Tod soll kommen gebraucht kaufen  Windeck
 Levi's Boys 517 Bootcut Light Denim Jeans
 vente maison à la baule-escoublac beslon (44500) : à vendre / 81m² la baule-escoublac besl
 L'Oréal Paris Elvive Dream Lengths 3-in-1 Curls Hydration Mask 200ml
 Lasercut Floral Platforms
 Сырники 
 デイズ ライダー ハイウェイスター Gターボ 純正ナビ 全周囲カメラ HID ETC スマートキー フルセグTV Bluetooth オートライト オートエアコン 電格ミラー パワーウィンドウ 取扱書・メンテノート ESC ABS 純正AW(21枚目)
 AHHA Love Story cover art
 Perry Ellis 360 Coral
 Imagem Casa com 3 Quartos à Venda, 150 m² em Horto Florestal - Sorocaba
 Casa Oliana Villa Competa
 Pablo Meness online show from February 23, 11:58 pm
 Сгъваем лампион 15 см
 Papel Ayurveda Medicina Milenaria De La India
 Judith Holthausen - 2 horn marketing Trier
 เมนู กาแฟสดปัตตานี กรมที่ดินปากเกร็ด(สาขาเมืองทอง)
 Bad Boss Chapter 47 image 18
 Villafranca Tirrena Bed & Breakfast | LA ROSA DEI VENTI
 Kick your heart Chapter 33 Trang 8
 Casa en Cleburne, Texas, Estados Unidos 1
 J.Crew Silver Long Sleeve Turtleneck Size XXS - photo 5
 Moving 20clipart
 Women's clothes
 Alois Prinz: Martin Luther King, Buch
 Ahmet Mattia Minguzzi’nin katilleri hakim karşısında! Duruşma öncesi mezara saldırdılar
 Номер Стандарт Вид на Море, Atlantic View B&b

## WORK ORDER
Your answer should be a single number: how many lines in the listing above contain "Chapter"?

## OUTPUT OF THE TASK
2